L’unico studio risale al lontano 1986, dove si legge che “l’uso dei fitoregolatori deve essere regolato dalla stessa cautela impiegata per gli altri prodotti più pericolosi perché altri rischi di danno, derivante da una esposizione minima ma prolungata a residui chimici, possono sussistere. Gli effetti possono essere di tipo cronico e eventualmente di mutagenicità e carcinogenicità”.
I fitoregolatori chimici sono definititi gli “anabolizzanti” delle piante: le fanno crescere molto velocemente e con frutti di grossa taglia.
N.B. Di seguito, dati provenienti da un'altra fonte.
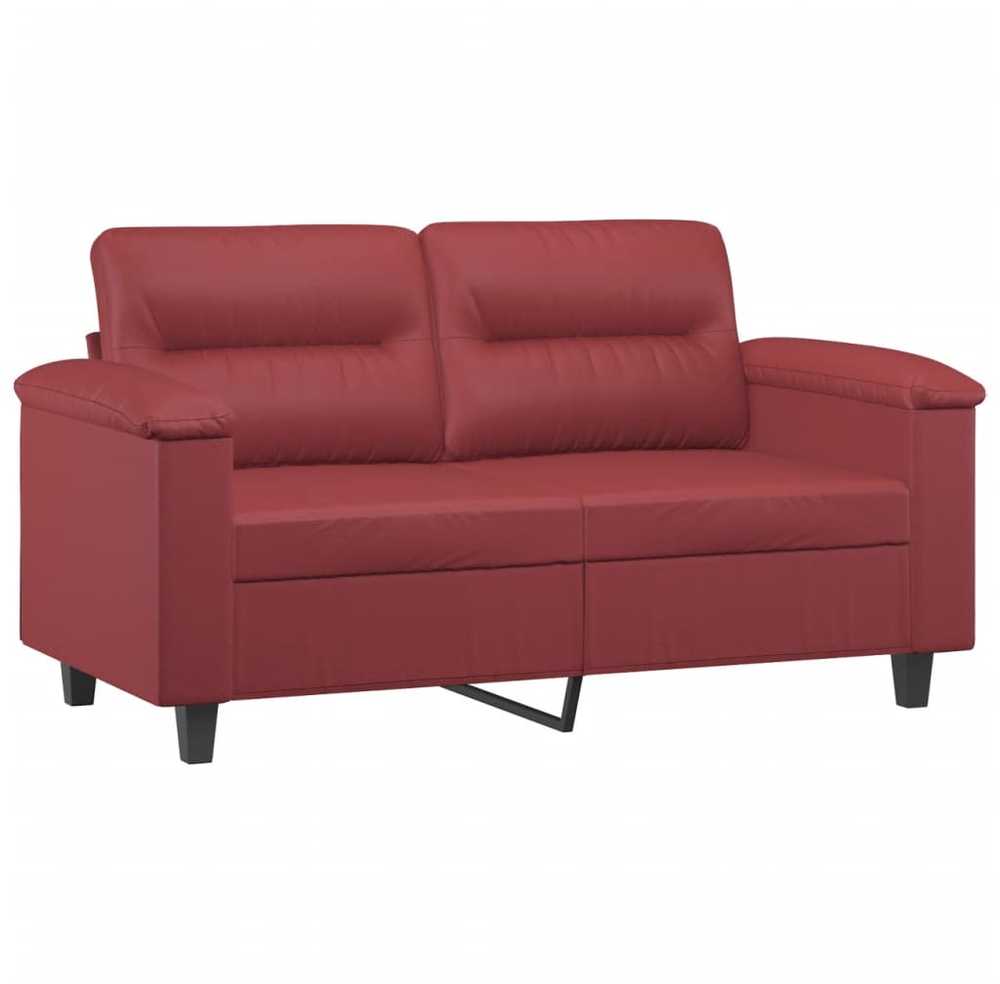 Sofa Sofos komplektas su pagalvėmis, 3 dalių, vyno, dirbtinė oda
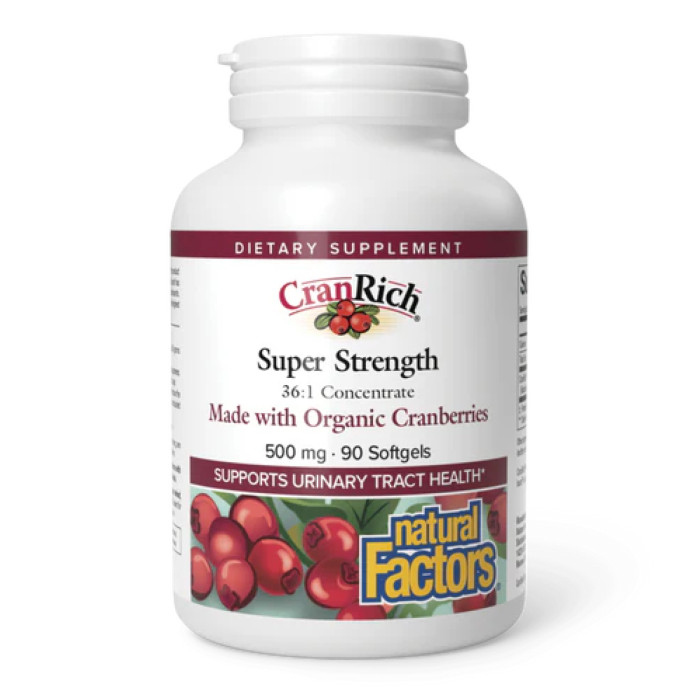 Natural Factors CranRich®️ Super Strength Organic Cranberry Concentrate 500mg - 90 softgels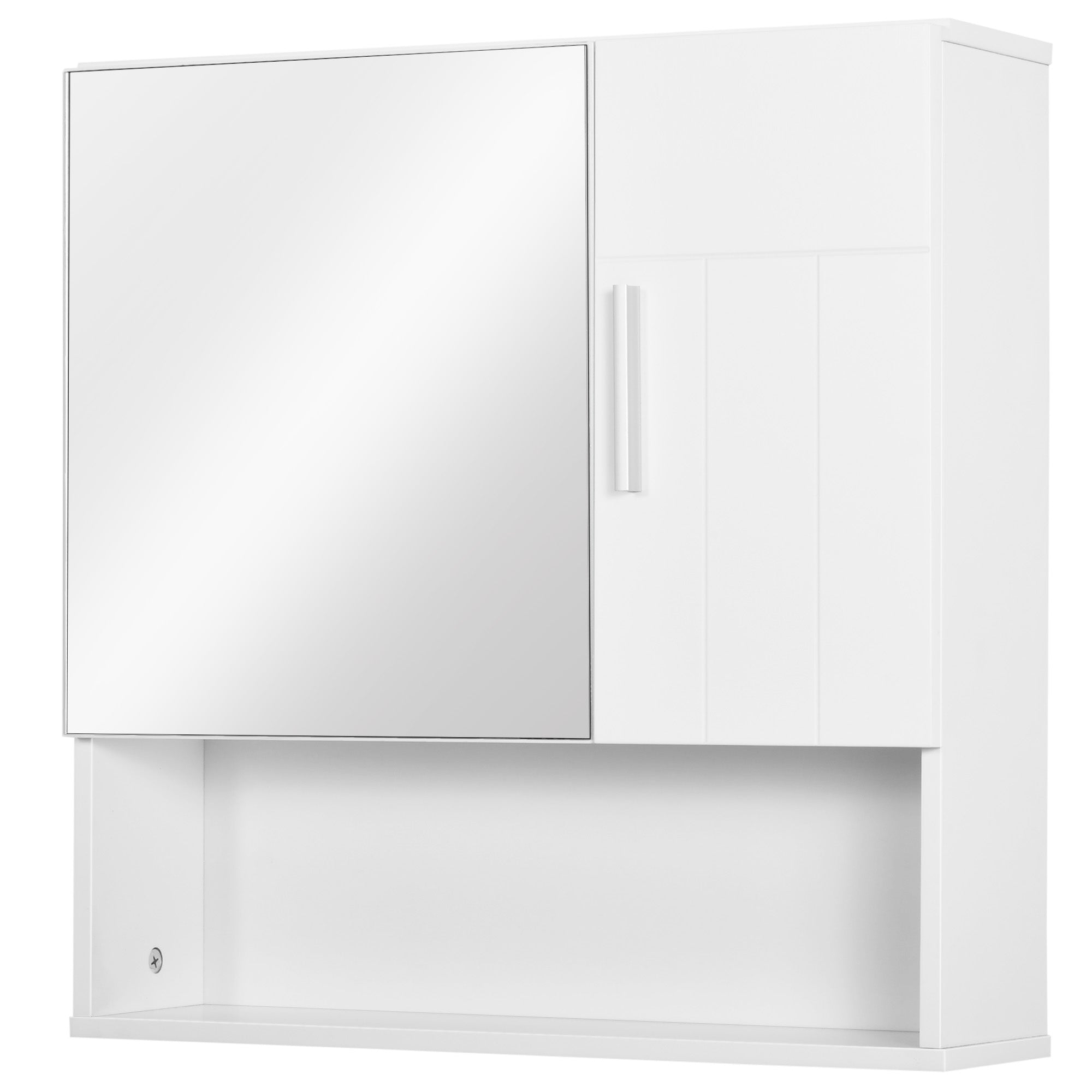 kleankin Bathroom Mirror Cabinet, Wall Mounted Medicine Cabinet with Double Doors and Adjustable Shelf, White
L’uva da tavola senza semi è bella da vedere, con acini grossi e invitanti, tutti uguali, tutti con le stesse dimensioni. I consumatori la comprano perché attratti dal suo aspetto e dalla possibilità di non dover ingoiare o masticare i semi, ma nessuno conosce o può prevedere i rischi per la salute nel lungo o nel breve periodo.
“Sia chiaro – precisano i fondatori del Comitato – che ognuno è libero di scegliere cosa e come mangiare. Il nostro obiettivo è quello di promuovere l’uva con i semi, cioè un prodotto di qualità, per tutelare la salute dei consumatori”.
“Ci sembra giusto– proseguono ancora i membri del Comitato – far sapere che l’uva da tavola con i semi ha una qualità superiore rispetto a quella senza semi, in modo che la gente possa fare scelte alimentari consapevoli e rispettose della propria salute”.
Secondo alcuni studi internazionali pubblicati dalla statunitense National Library of Medicine, i semi dell’uva sono ricchi di flavonoidi e polifenoli (sostanze vegetali con proprietà antiossidanti, antinfiammatorie e antitumorali).
Da esperimenti di laboratorio, condotti in vari Paesi del mondo, sono, inoltre, emersi risultati sorprendenti: i semi dell’uva contrastano l’invecchiamento cellulare (stress ossidativo) e l’infiammazione, due fattori che sono alla base delle cosiddette “malattie del benessere”.
Queste malattie sono spesso serie, croniche e invalidanti, e includono: cancro, diabete, problemi cardiovascolari, gastrointestinali e malattie neurodegenerative come il morbo di Alzheimer. Insomma, l’uva con i semi previene la gran parte delle malattie causate dalla civiltà moderna, ma non solo…
Come racconta Salvatore Secolo, presidente del Comitato siciliano e responsabile della Uila (Unione Italiana Lavoratori Agricoli) di Mazzarrone, “l’uva da tavola con i semi, a differenza di quella senza semi, si presta alla coltivazione biologica, perché contiene naturalmente fitoregolatori, cioè le sostanze che fanno maturare il frutto”.
Non è così per l’uva senza semi, che invece ha bisogno di grandi quantità di ormoni chimici per crescere. E gli eccessi, purtroppo, possono essere pericolosi.
“Ben venga anche l’uva senza semi – interviene ancora Salvatore Secolo – se serve a soddisfare le richieste dei consumatori. È però molto importante dare loro la possibilità di scegliere. L’uva da tavola con i semi IGP è un prodotto siciliano, frutto di una lunga tradizione che privilegia la qualità e la salute dei consumatori.
Tutelarla è un dovere di tutti, anche delle istituzioni, che dovrebbero garantire un prezzo minimo a un’uva che è stata il fiore all’occhiello dell’economia siciliana. Invece, questo prezioso alimento rischia di sparire anche dalla politica agricola europea e dai piani di sviluppo rurale”.
“Noi del Comitato – concludono all’unisono i soci fondatori – non amiamo piangerci addosso, vogliamo semplicemente difendere un’agricoltura più sana e sostenibile. Riteniamo infatti che l’alimentazione del futuro si possa costruire solo tutelando la genuinità del passato”.